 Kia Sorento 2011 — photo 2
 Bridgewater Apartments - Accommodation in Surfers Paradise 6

=-=-=

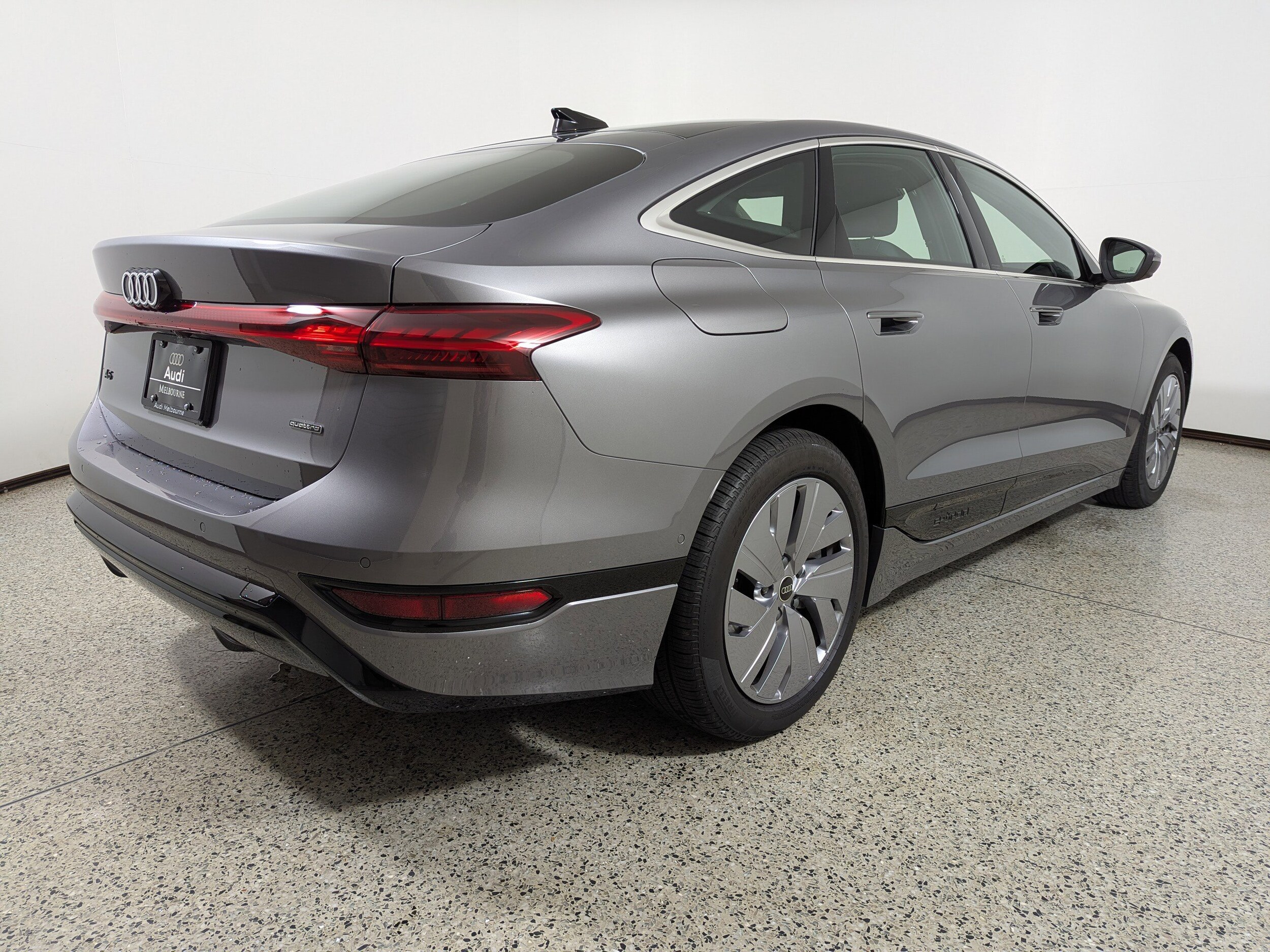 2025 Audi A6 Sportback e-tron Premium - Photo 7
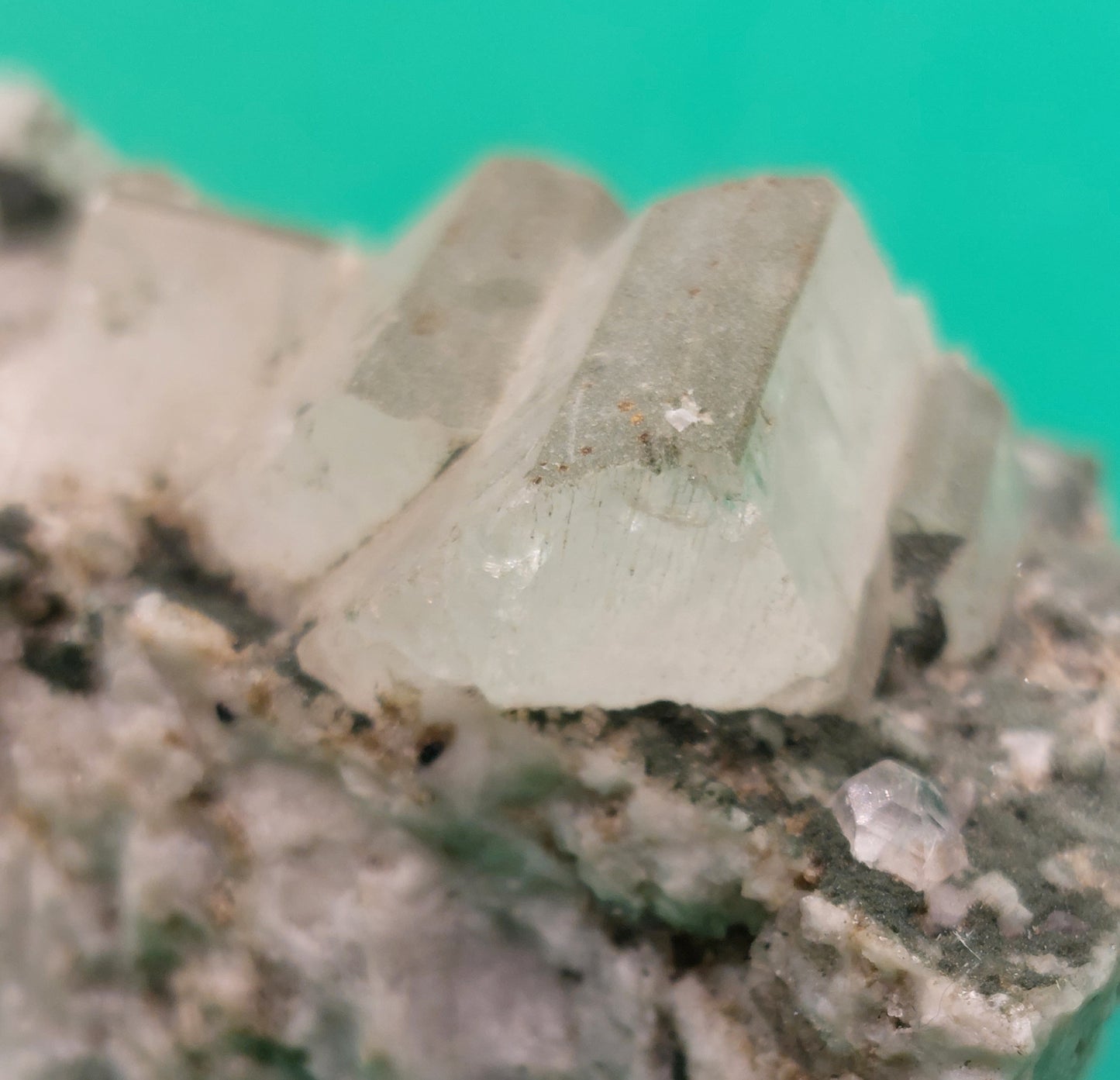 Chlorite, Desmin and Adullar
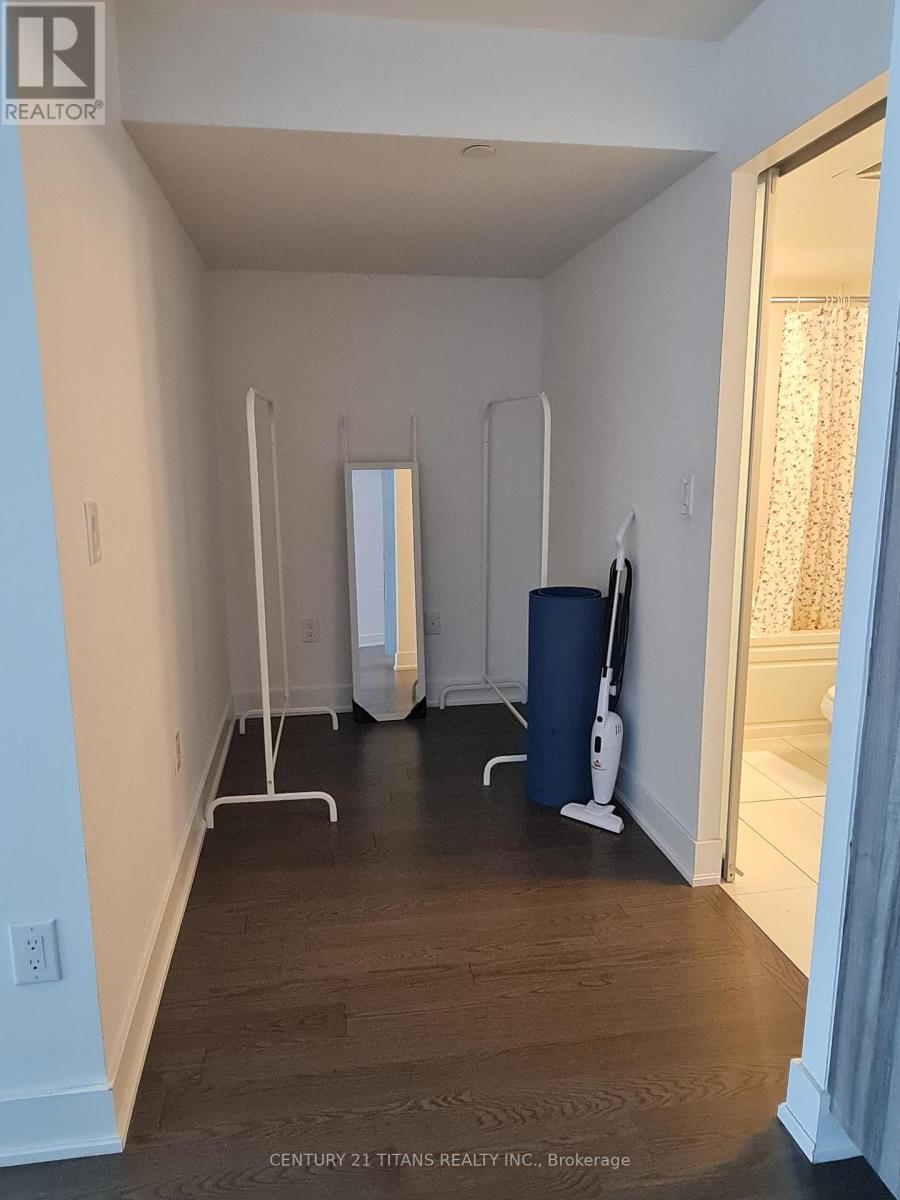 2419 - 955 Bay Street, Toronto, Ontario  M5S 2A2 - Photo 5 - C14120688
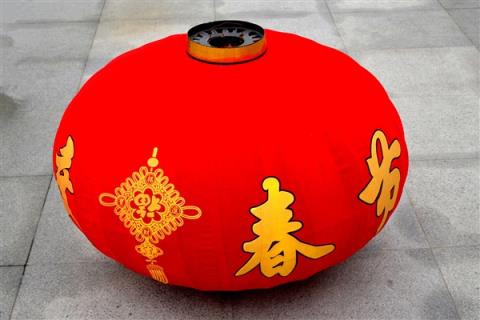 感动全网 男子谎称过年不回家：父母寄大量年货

=-=-=

■ WHAT TO PRODUCE:
Print nothing but the lines above starting with the line that contains "2419 - 955 Bay" and going on through the line that contains "感动全网 男子谎称过年不回家：父母寄大量年货". Leave out the pictures.

■ RESULT FOR THIS EXERCISE:
 2419 - 955 Bay Street, Toronto, Ontario  M5S 2A2 - Photo 5 - C14120688
 感动全网 男子谎称过年不回家：父母寄大量年货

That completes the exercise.